Autre salle, autre ambiance à la Semaine de la Critique avec le seul film français de la compétition, le film d’animation de Jérémy Clapin J’ai perdu mon corps. L’histoire d’une main séparée de son propriétaire dont on suit la recherche initiatique de son corps originel. C’est poignant, d’une beauté formelle saisissante pour un premier film, et sans doute le scénario le mieux écrit de tout ce que l’on a vu à Cannes depuis le début. Rendez-vous est pris en salles et aux César à n’en pas douter.

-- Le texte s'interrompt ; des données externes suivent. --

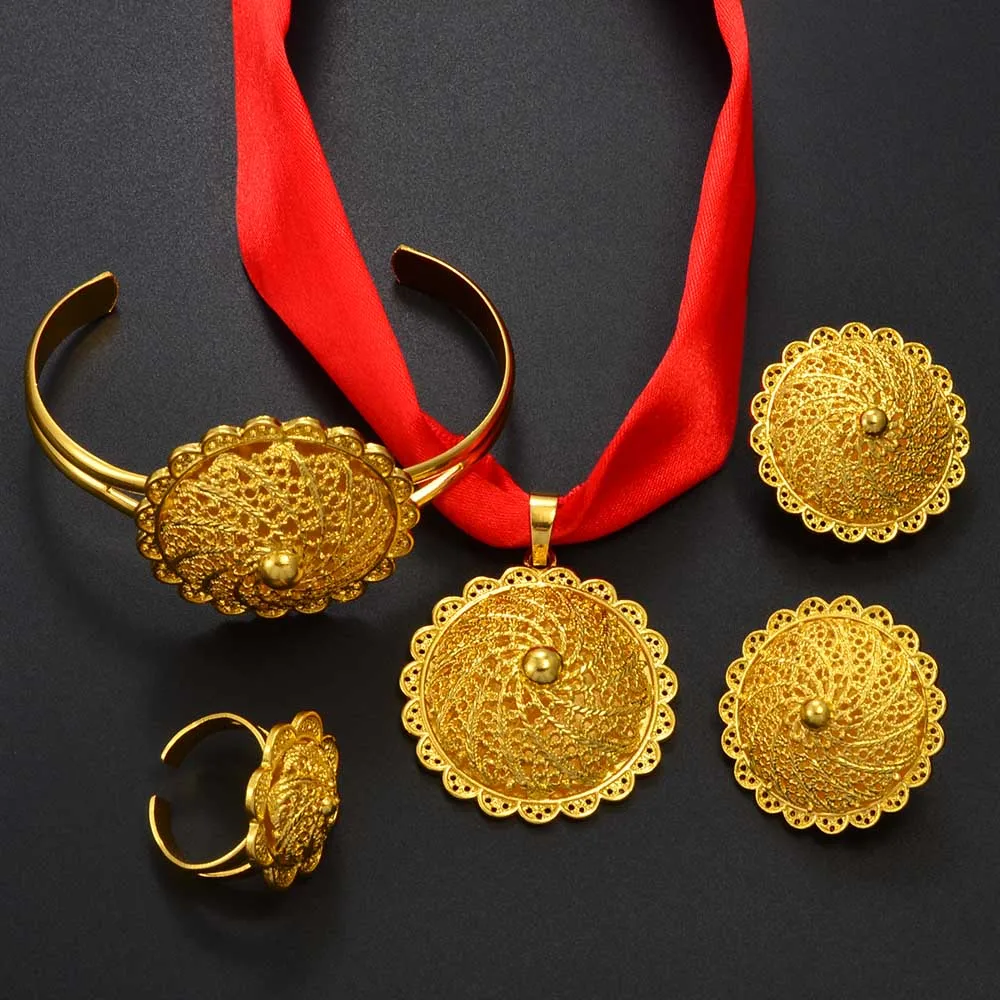 

Anniyo Eritrean Ethiopian Jewelry Sets Necklaces Earrings Ring Bangles for Women African Weeding Dowry #313006
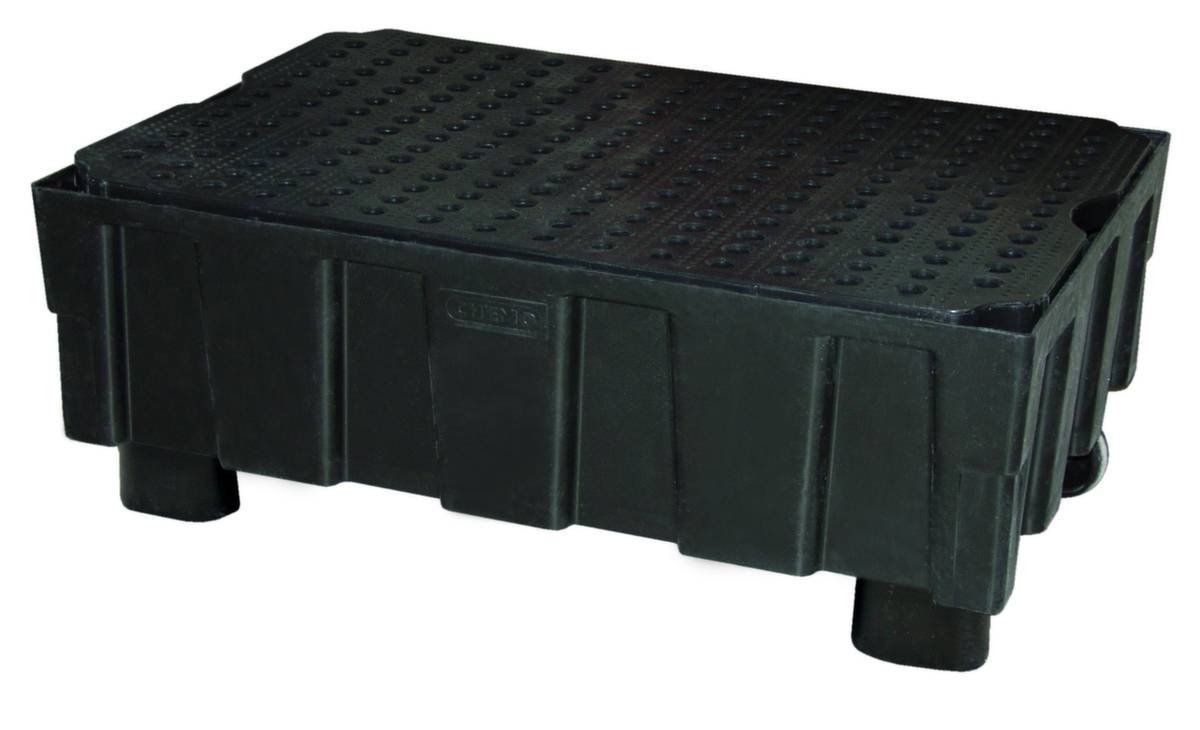 PE-Auffangwanne,f. 2x200l Fass,Auffangvol. 250l,HxBxT 440x1205x805mm,m. Lochplatte PE,4 Füße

Mais revenons à la compétition, pas d’épouvantail encore choisi même si Douleur et Gloire de Pedro Almodovar rassemble quasi tous les suffrages nationaux et étrangers (seul Eric Neuhoff fait de la résistance à en croire le tableau des étoiles). Attention à ce qu’Antonio Banderas n’empêche pas l’ibérique de remporter une Palme annoncée et méritée (le règlement du Palmarès interdit dorénavant le film palmé de cumuler quelconque autre prix). Même si le réalisateur témoigne d’une sérénité sans doute jamais atteinte dans son cinéma, on restera quand même aux aguets en deuxième semaine d’une plus grande œuvre qui pourrait surgir. Avant même d’entamer la suite des réjouissances, un chouchou a d’ores et déjà débarqué dans nos cœurs en la personne du Chinois Diao Yi’nan. Après l’Ours d’or glané en 2014, il vient armé du splendide Le Lac aux oies sauvages. Dans une mise en scène virtuose, le réalisateur de Black Coal y assène quelques fulgurances époustouflantes dans un film de genre très pluvieux, l’histoire d’un fugitif lancé dans une quête de liberté impossible. Quelques scènes qui resteront déjà dans notre panthéon 2019 (la scène dite du « parapluie » par exemple qui fera date pour de nombreux spectateurs). Enchaîner l’Ours d’or et la Palme d’or avec deux films consécutifs, un exploit sans doute jamais performé.

A part ça en parallèles, deux films français de très haute tenue ont saisi la Quinzaine des Réalisateurs. Zombi Child de Bertrand Bonello qui réussit l’exploit d’étaler encore un peu plus ses talents de filmeur hors pair entre-mêlant histoires de vaudou haïtien, de jeunesse française ultra-contemporaine et de mythologie zombie (autrement plus finement que chez Jim Jarmusch).

Et puis surtout Alice et le Maire de Nicolas Pariser, qui après Le Grand Jeu confirme son statut d’auteur majeur avec une impériale Anaïs Demoustier et un Fabrice Luchini à son meilleur des lustres. Le film nous plonge dans la vie politique municipale lyonnaise (après le merveilleux Grâce à Dieu, il fait bon tourner chez le Primat des Gaules en 2019). Sans doute le meilleur film politique français depuis L’Exercice de l’Etat de Pierre Schoeller.